どもー。
デスカイザーです。

そろそろ来月末の期末試験に向けて行動しないとなぁ、とか思った今日このごろ。
何せ講義に出てないからね!

……一応、あの、就活という名目があったんです、はい。
教科書は買ってあるんですけどね?



今日のラノベ!

ボディガードな彼女いわく、サディスティック日和にて。

ダッシュエックス文庫より
『ボディガードな彼女いわく、サディスティック日和にて。』です。


【あらすじ】

破滅的にとことん運が悪い高校生の向希純は、下校途中に暗殺者『ファントム』が人を殺す現場を目撃してしまい、次のターゲットにされてしまう。助けを求めた警察に紹介されたのは、未成年者の警護を専門に請け負う警備会社『SMG』。希純はそこの代表者である、来栖沙耶香という美少女をボディガードに雇うのだが―「…あれぇ?俺、前より危ない目に遭ってない!?」希純に敢えて危険な橋を渡らせ、苦しむ様子にうっとりとする沙耶香の本当の姿。実は彼女は真性のドSだった―!?「あなた、いい声で鳴くわね」腕に自信があるからこそ、死なせない程度にお楽しみ。ドS青春スクールライフ、ここに開幕!ダッシュエックス文庫第2回集英社ライトノベル新人賞特別賞&ジャンプ小説新人賞’14 Winter小説フリー部門“特別賞”も受賞


感想:★★★☆☆

3月頭に買ってから3ヶ月近くちまちまちまちまちまちまちまちま読んでようやく読み切りました…。
つまらないとかじゃなく、寝る前にちょーっとだけ読む用にしていたので結果的にこうなってしまいまして。
ついでに言うならその間1ヶ月くらい、扉絵にもあるぽよりんゼリーのくだりだけ繰り返しよんでいたのでさらに進み方が遅くなっていたのは公然の秘密。



前半は沙耶香の本気具合がうまく伝わってこなかったこともあって「ちょっと腕に自信がある子が自信を砕かれる話」になると思ってました。
ぽよりんゼリーのくだりで希純(きすみ)に一杯食わされたあたりから徐々に沙耶香の本心が見えてきて、後半はその点に関しては安心しながら読めました。

ただ……。
結末、オチのことを考えると、というところはありますね。

そもそも「クライアントとボディガードは信頼関係が大切」と言いながら希純を個人的嗜好で適度にいたぶっていた時点で、どれだけ弁明を重ねたところでも疑問が残るのに、それに加えて一連の事件が「自分の会社を脅かしかねない敵をあぶり出すための自作自演でした」って……。
「本当は第一候補じゃなかった。沙耶香が一目惚れしたからあなたを選んだ」っていうのがエピローグでフォローとして入っているけど、それこそ私情でわざわざ人を危険に晒しているわけで。

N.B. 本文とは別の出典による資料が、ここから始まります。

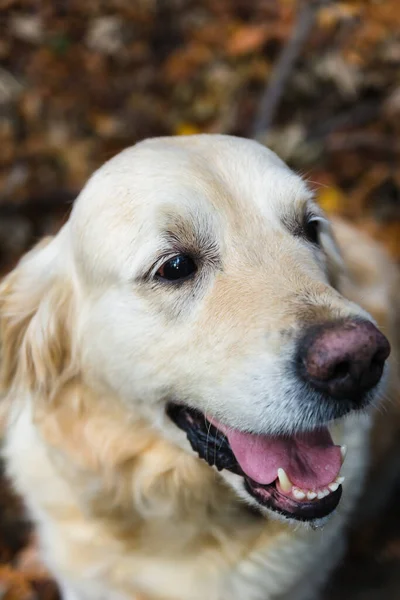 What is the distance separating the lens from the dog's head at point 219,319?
6.16 ft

題材が面白いと思ったから買ったけど、そのあたりの意外性と現実性の折り合いはもう少し丁寧にやってほしかったかなぁ……。
ボディガードは死ななきゃ良いって商売じゃないはず。




全体のストーリーはそんな感じで疑問が残る感じですが、会話のテンポとか内容には光るものを感じました。
的確に希純を手玉にとる沙耶香とそれに対する希純のやや投げやりさが感じ取れる叫びツッコミ。
もし自分がラノベ書くとしたらこういうの書きたいなって思える会話文でした。
地の文でも比喩を使った情景描写と希純の心の声のバランスがすごく良かったと思います。

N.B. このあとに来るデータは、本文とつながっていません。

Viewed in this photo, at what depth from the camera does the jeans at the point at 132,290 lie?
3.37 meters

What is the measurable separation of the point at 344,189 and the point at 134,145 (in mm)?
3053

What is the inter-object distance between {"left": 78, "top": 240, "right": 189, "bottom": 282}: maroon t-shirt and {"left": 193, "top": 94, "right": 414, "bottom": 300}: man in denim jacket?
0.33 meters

「とにかく笑わせよう」という著者の意図が見えすぎてる文章”じゃない”ことが貴重で、とにかくこの作品を引っ張っているものですね。
今後ギャグ枠での期待が高まります!



最後に、おそらく誤用だと思われるところ。
p151「予想の範疇内だったのだろうか」

範疇 or 範囲内じゃないかな?って。
それとも何か二重使用での強調とかが意図される熟語なのかな?
どうなんだろう…






繰り返しになるけど、次回作に期待。
厳しい言い方になるけど、根底にある設定を受け入れきれてないからシリーズの続刊は買うのを躊躇うかな…。




以上!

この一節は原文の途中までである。